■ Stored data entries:

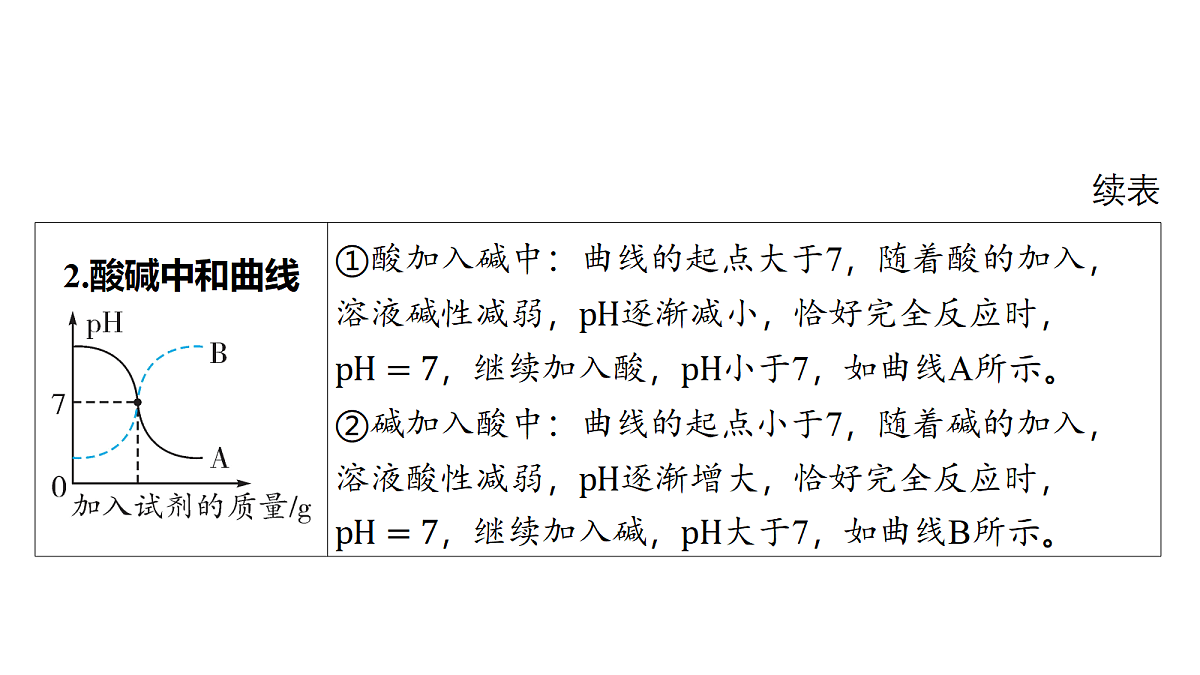 18213992第6页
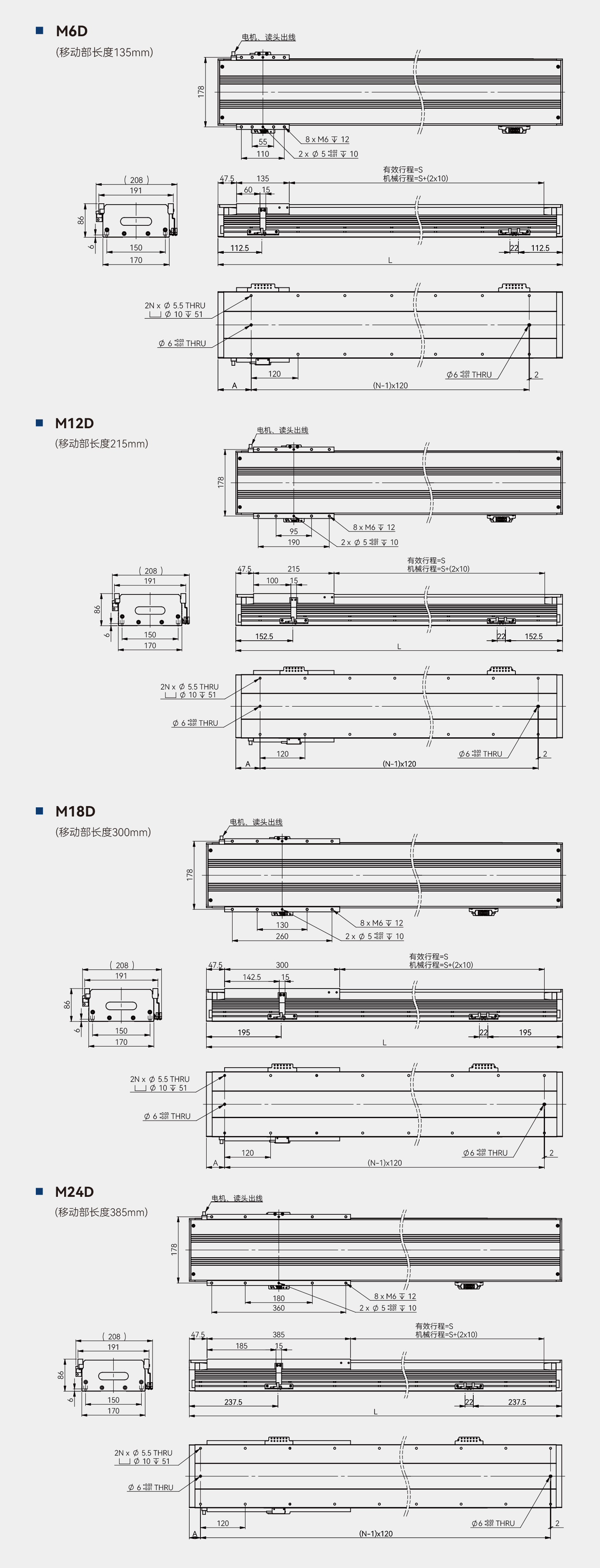 Unibet优胜客·(中国区)官方网站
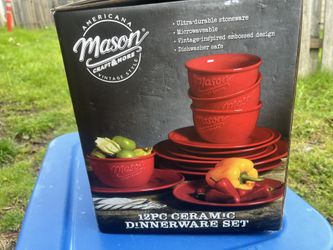 New Plates Never Opened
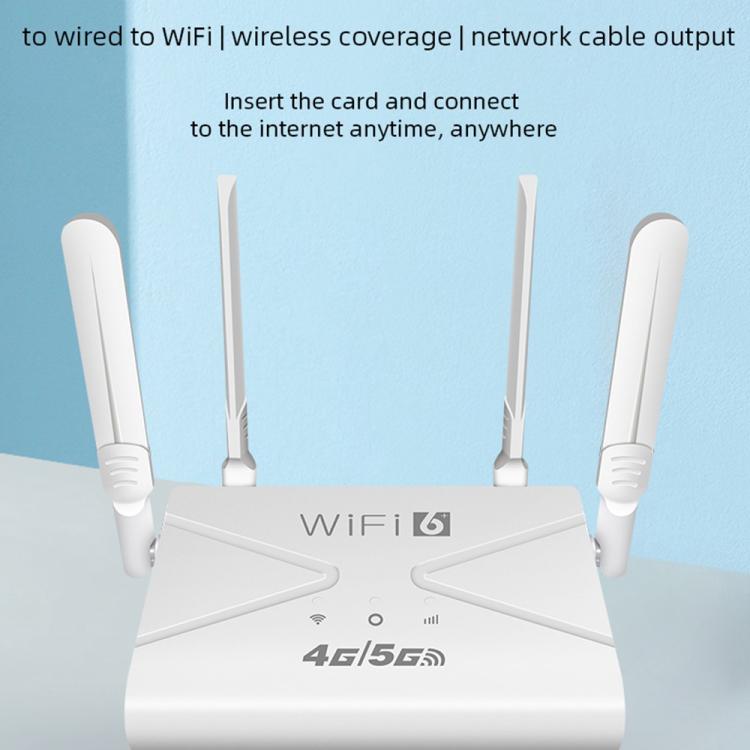 Router 4G LTE CPE907-E 150Mbps con 4 antenne e SIM card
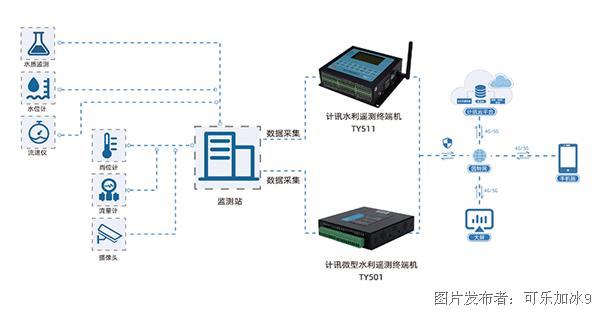 氧气机和制氧机有啥区别?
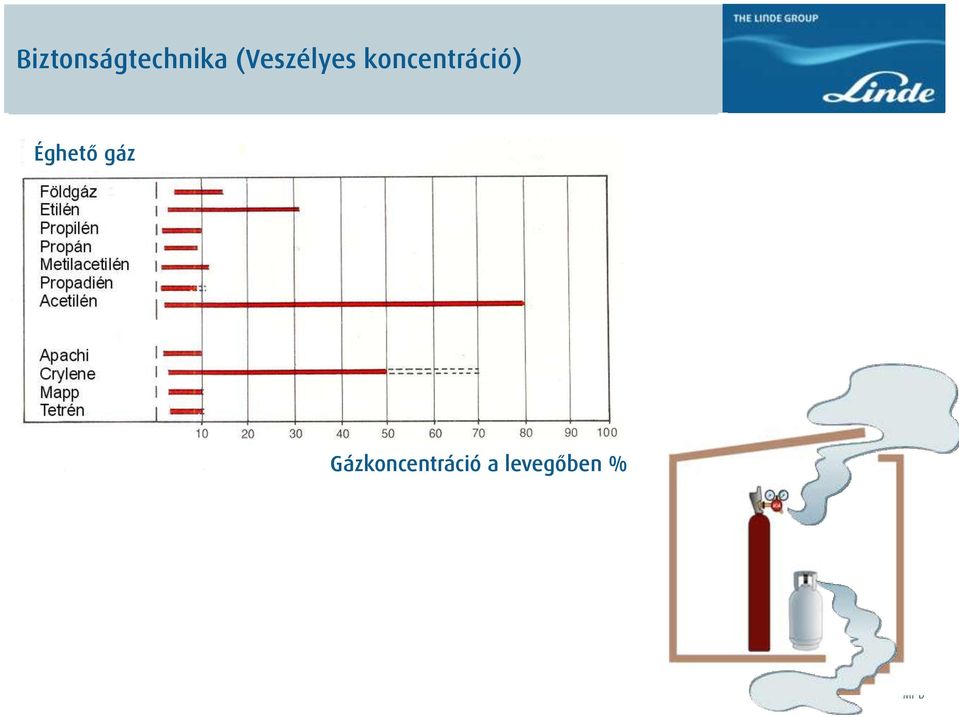 koncentráció) Éghető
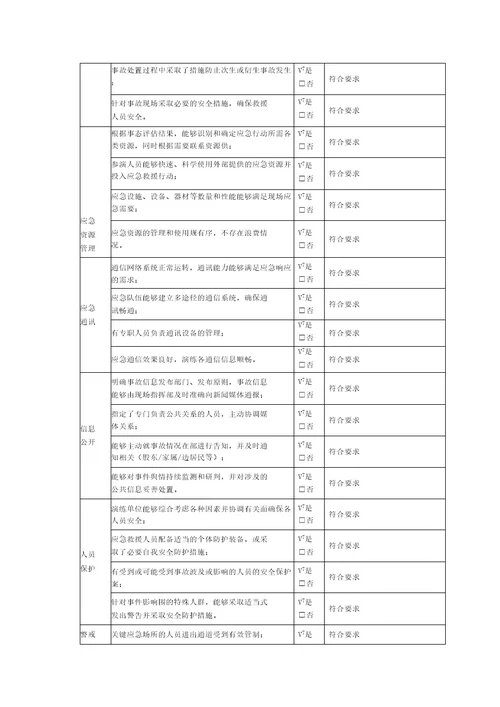 高处坠落事故演练总结及评估表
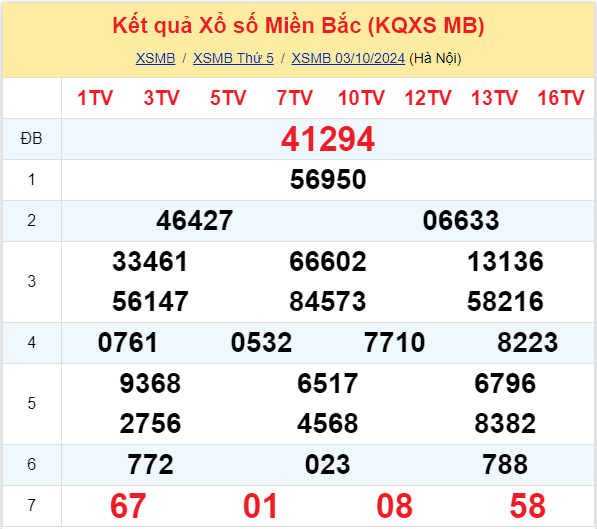 kqxs-03-10 kqxs-03-10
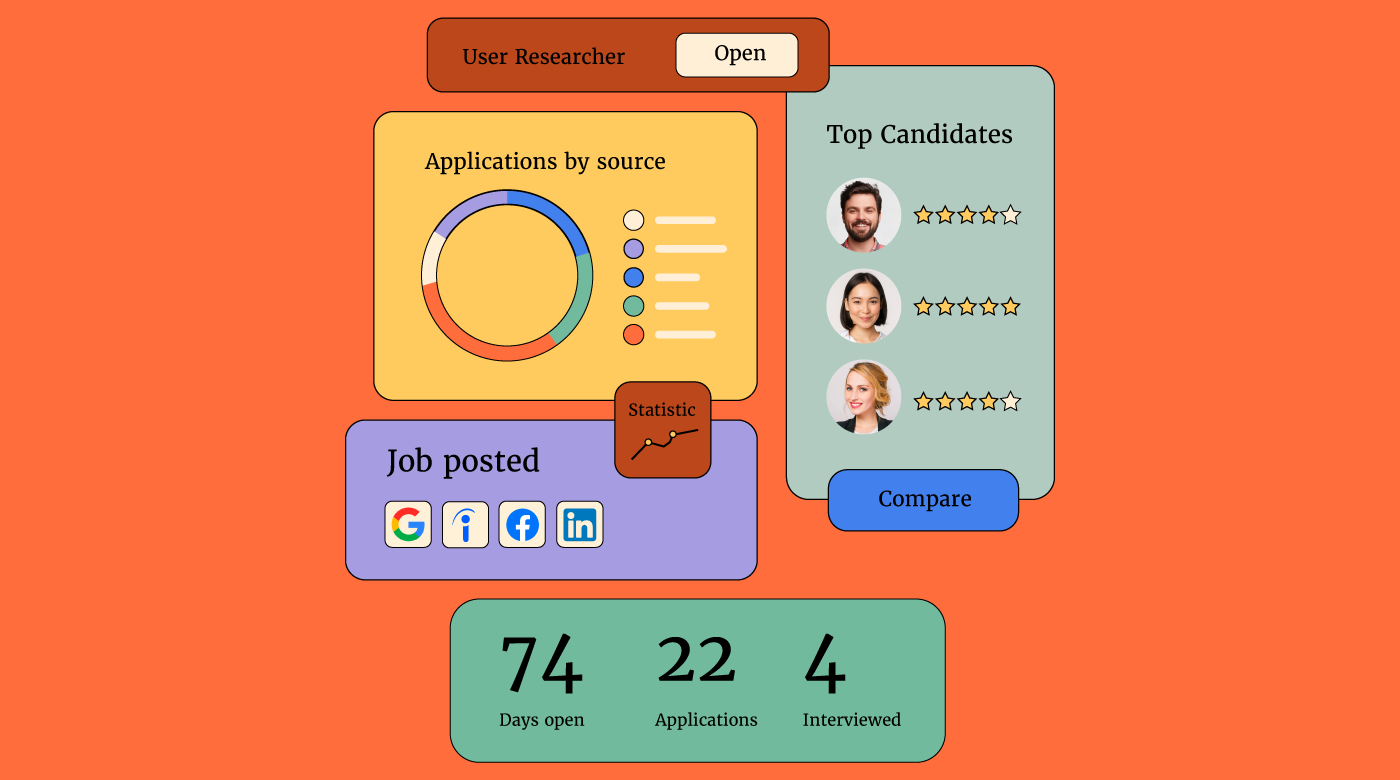 Indeed Recruiter Extension  Chrome extension for recruiters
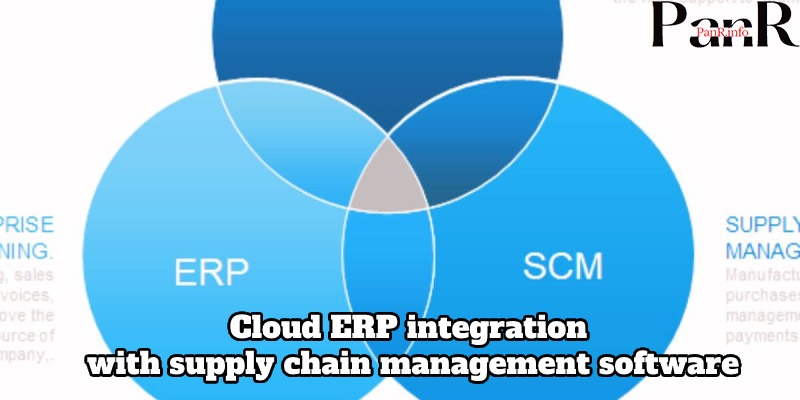 The benefits of Integrating Cloud ERP with Supply Chain Management Software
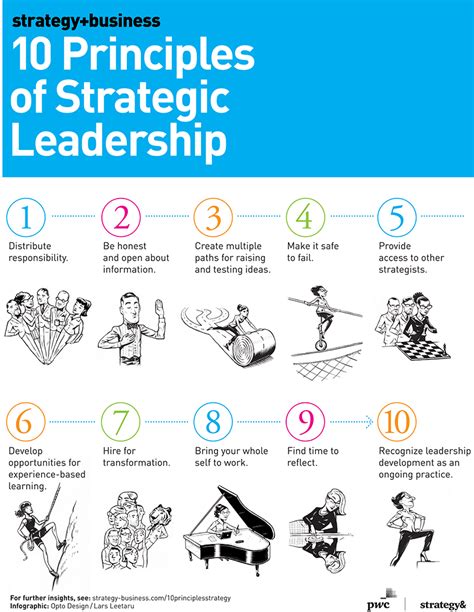 Examples Of Change Management Leadership Strategies Management And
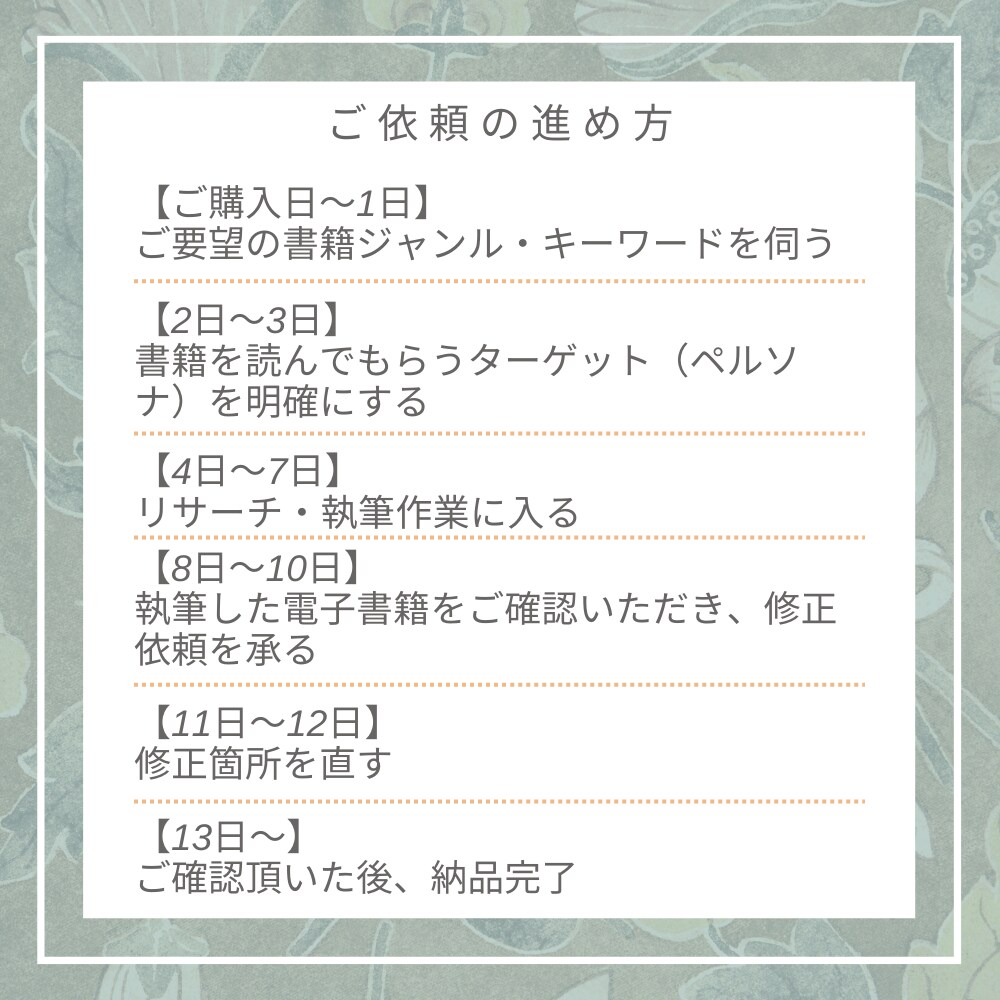 電子書籍を執筆いたします 【忙しいあなたに代わり、内容の濃い書籍の制作を】 イメージ4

■ What is required:
Print each entry above exactly. The pictures should not be printed.

■ Output of the task:
 18213992第6页
 Unibet优胜客·(中国区)官方网站
 New Plates Never Opened
 Router 4G LTE CPE907-E 150Mbps con 4 antenne e SIM card
 氧气机和制氧机有啥区别?
 koncentráció) Éghető
 高处坠落事故演练总结及评估表
 kqxs-03-10 kqxs-03-10
 Indeed Recruiter Extension  Chrome extension for recruiters
 The benefits of Integrating Cloud ERP with Supply Chain Management Software
 Examples Of Change Management Leadership Strategies Management And
 電子書籍を執筆いたします 【忙しいあなたに代わり、内容の濃い書籍の制作を】 イメージ4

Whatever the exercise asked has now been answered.